* **Problem description**
Only the lines in the entries below from the line with "PS4 با امضای" to the line with "4bdrm Duplex in Ajah for sale", both included, belong in the answer, transcribed exactly and without pictures.

* **Available data**
*** Begin section ***
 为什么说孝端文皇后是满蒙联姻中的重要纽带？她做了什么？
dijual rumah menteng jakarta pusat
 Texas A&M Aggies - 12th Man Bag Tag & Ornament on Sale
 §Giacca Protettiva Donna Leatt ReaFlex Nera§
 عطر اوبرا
*** End section ***
*** Begin section ***
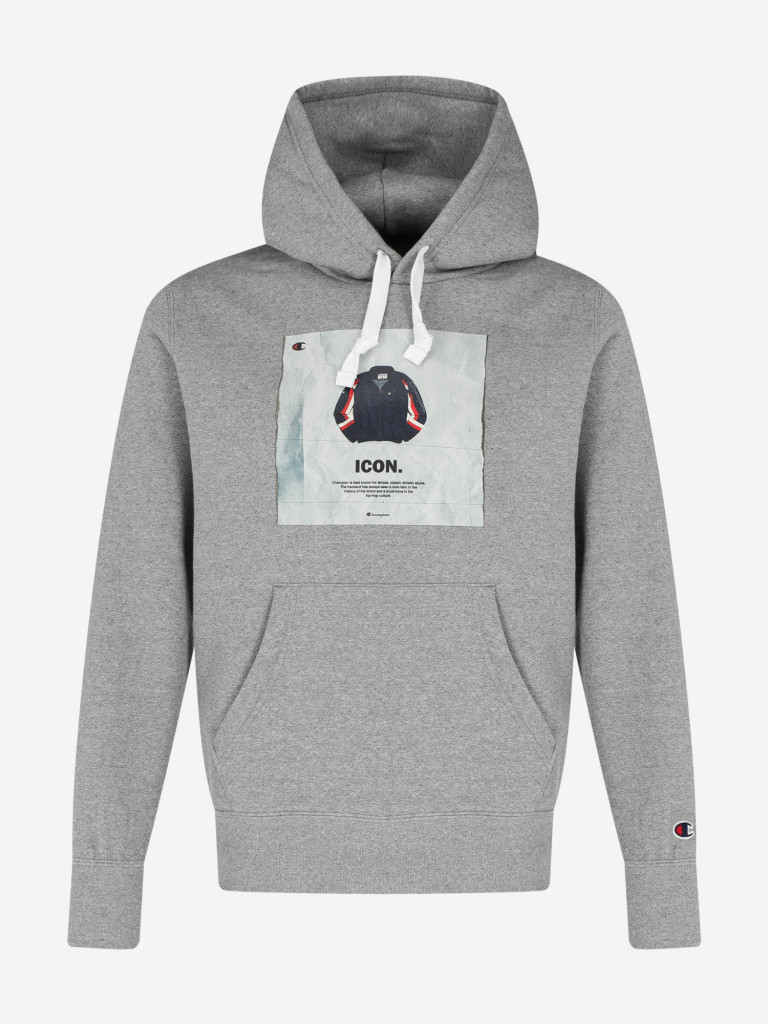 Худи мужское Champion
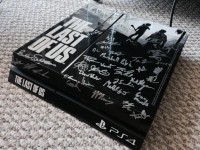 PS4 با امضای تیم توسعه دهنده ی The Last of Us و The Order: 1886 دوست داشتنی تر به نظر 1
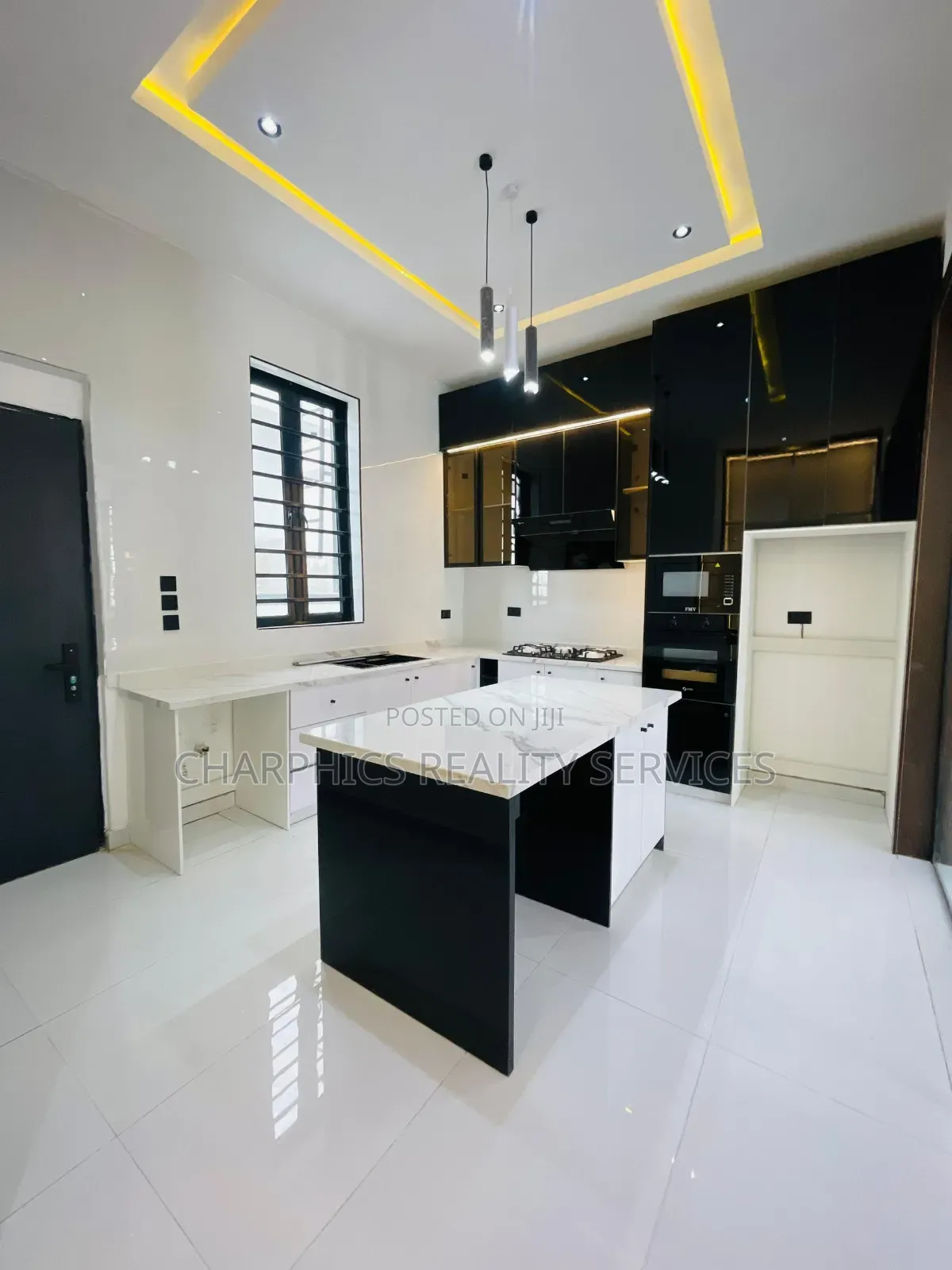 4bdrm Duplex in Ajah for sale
*** End section ***
*** Begin section ***
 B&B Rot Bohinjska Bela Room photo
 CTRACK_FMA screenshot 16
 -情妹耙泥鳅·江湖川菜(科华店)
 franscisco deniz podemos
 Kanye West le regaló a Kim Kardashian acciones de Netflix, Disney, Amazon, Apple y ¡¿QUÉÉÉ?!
*** End section ***
* **Answer to this problem**
 PS4 با امضای تیم توسعه دهنده ی The Last of Us و The Order: 1886 دوست داشتنی تر به نظر 1
 4bdrm Duplex in Ajah for sale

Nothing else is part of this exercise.